Hamilton Brown was born in 1776 in Ireland. He became a sugar plantation owner and founder of Brown’s Town in Jamaica, according to university papers, textbooks, and historical documents. Henry Whiteley wrote a pamphlet entitled “Three months in Jamaica in 1832, Comprising a Residence on a Sugar Plantation,” where he describes Brown’s views on his slaves:
The same day I dined at St. Ann’s Bay, on board the vessel I arrived in, in the company with several colonists, among whom was Mr. Hamilton Brown, representative for the parish of St. Ann in the Colonial Assembly… I was rather startled to hear that gentleman swear by his Maker that that Order should never be adopted in Jamaica; nor would the planters of Jamaica, he said, permit the interference of the Home Government with their slaves in any shape.

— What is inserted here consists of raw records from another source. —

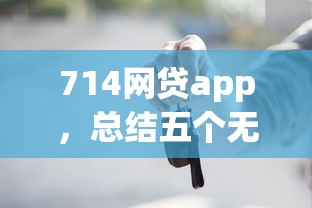 征信黑急需借款5万9月意想不到的平台！本次收集五个征信黑急需网贷5万口子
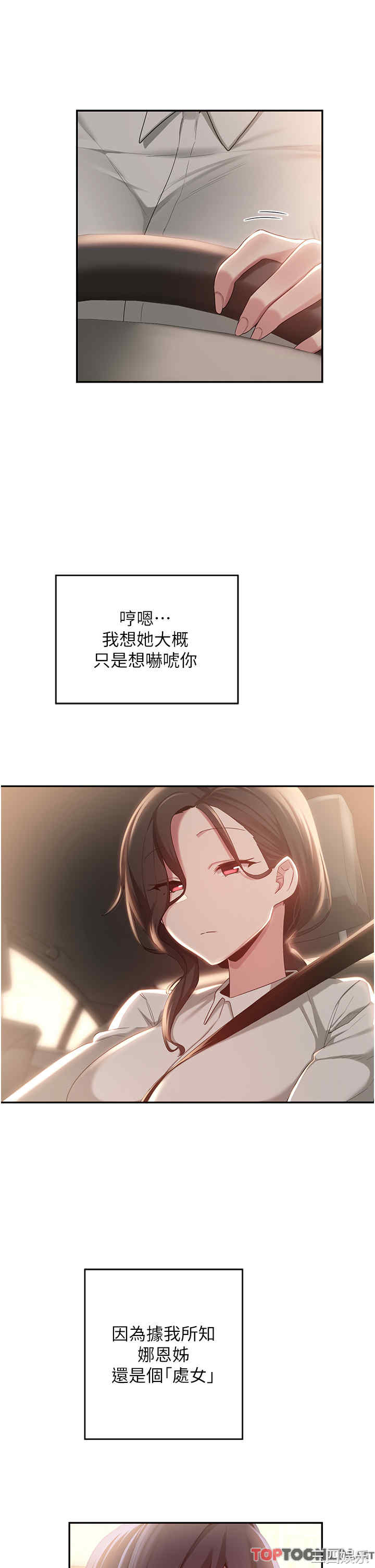 第31张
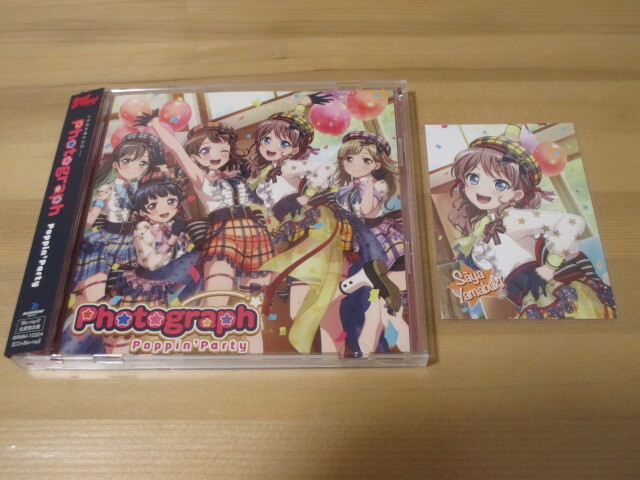 バンドリ BanG Dream! 「Photograph」Poppin’Party Blu-ray付生産限定盤 帯有り 即決拍卖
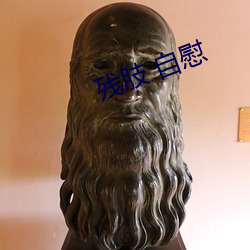 残肢 自慰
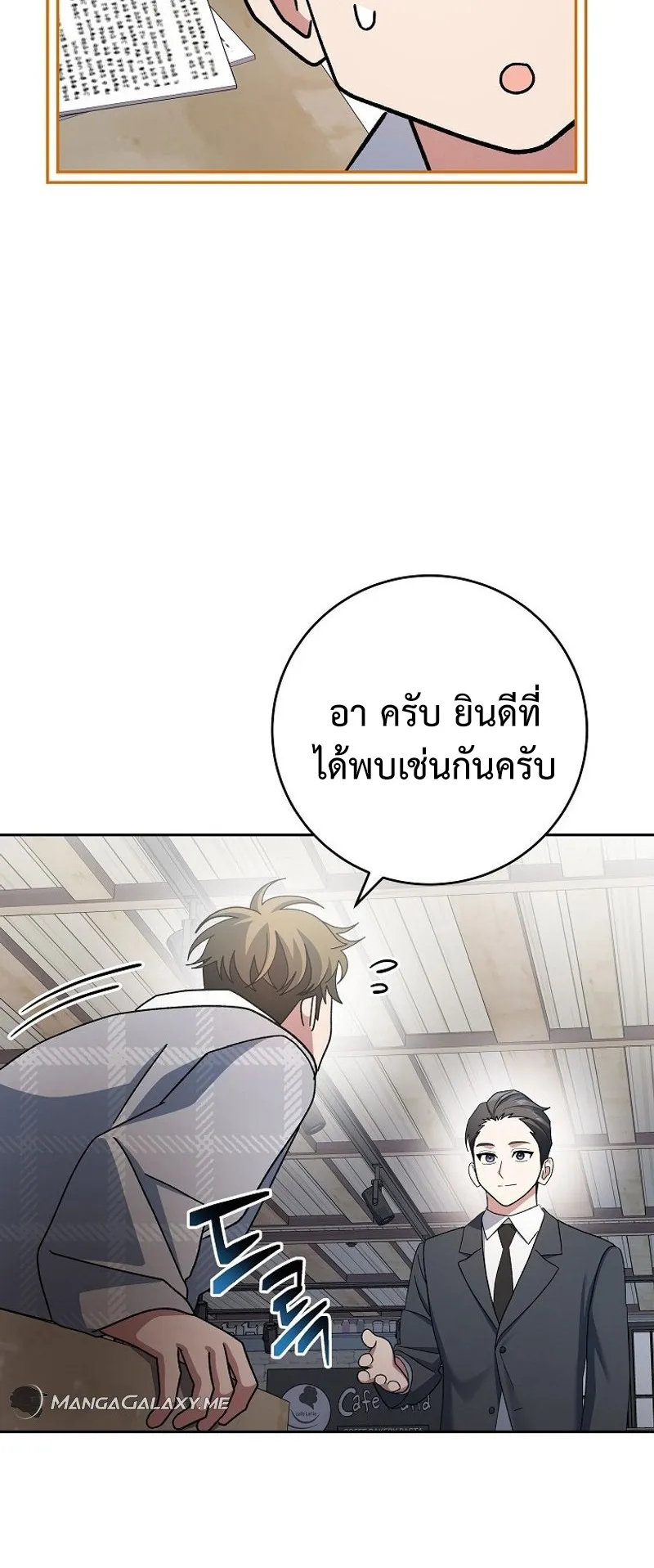 Genius Archer’s Streaming ตอนที่ 7 หน้า 71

A great deal was said by him and others present about the happiness and comfort enjoyed by the slaves, and the many advantages possessed by them of which the poor in England were destitute. Among other circumstances mentioned in proof of this, Mr. Robinson, a wharfinger, stated that a slave in that town had sent out printed cards to invite a part of his negro acquaintance to a supper party. One of these cards was handed to Mr. Hamilton Brown, who said he would present it to the Governor, as a proof of the comfortable condition of the slave population.
But later that day, after he witnessed slaves being punished by Brown’s overseer, Whiteley wrote:
The first was a man of about thirty-five years of age. He was what is called a pen-keeper or cattle herd; and his offence was having suffered a mule to go astray. At the command of the overseer he proceeded to strip off part of his clothes, and laid himself flat on his belly, his back and buttocks being uncovered. One of the drivers then commenced flogging him with the cart whip. This whip is about ten feet long, with a short stout handle, and is an instrument of terrible power. It is whirled by the operator round his head, and then brought down with a rapid motion of the arm upon the recumbent victim, causing the blood to spring at every stroke. When I saw this spectacle now for the first time exhibited before my own eyes, with all its revolting accompaniments, and saw the degraded and mangled victim writhing and groaning under the infliction, I felt horror-struck. I trembled and turned sick; but being determined to see the whole to an end, I kept my station at the window. The sufferer, writhing like a wounded worm, every time the lash cut across his body, cried out, “Lord! Lord! Lord!” When he had received about twenty lashes, the driver stopped to pull up the poor man’s shirt (or rather smock frock), which had worked down upon his galled posteriors. The sufferer then cried, “Think me no man? Think me no man?”
By that exclamation I understood him to say, “Think you I have not the feelings of a man?” The flogging was instantly recommenced and continued; the negro continuing to cry “Lord! Lord! Lord!” till thirty-nine lashes had been inflicted. When the man rose up from the ground, I perceived the blood oozing out from the lacerated and [illegible] parts where he had been flogged; and he appeared greatly exhausted. But he was instantly ordered off to his usual occupation.
Whiteley’s account goes on, describing one victim after the next, including women and young boys. It is truly sickening to read. Brown didn’t stop after the Jamaican slaves were freed. He attempted to make the Irish work on his plantation but failed when he was accused of trying to enslave more people. The historical accounts are so detailed that should Kamala Harris want to search out the families of the people her relative reportedly tortured, she would probably be able to find them.
Is Harris’ wants to pay reparation to the descendants of slaves she has a prime opportunity to put her own cash where her mouth is.
She can start by writing checks to the descendants of the Jamaican slaves that her family owned and worked on their own plantations.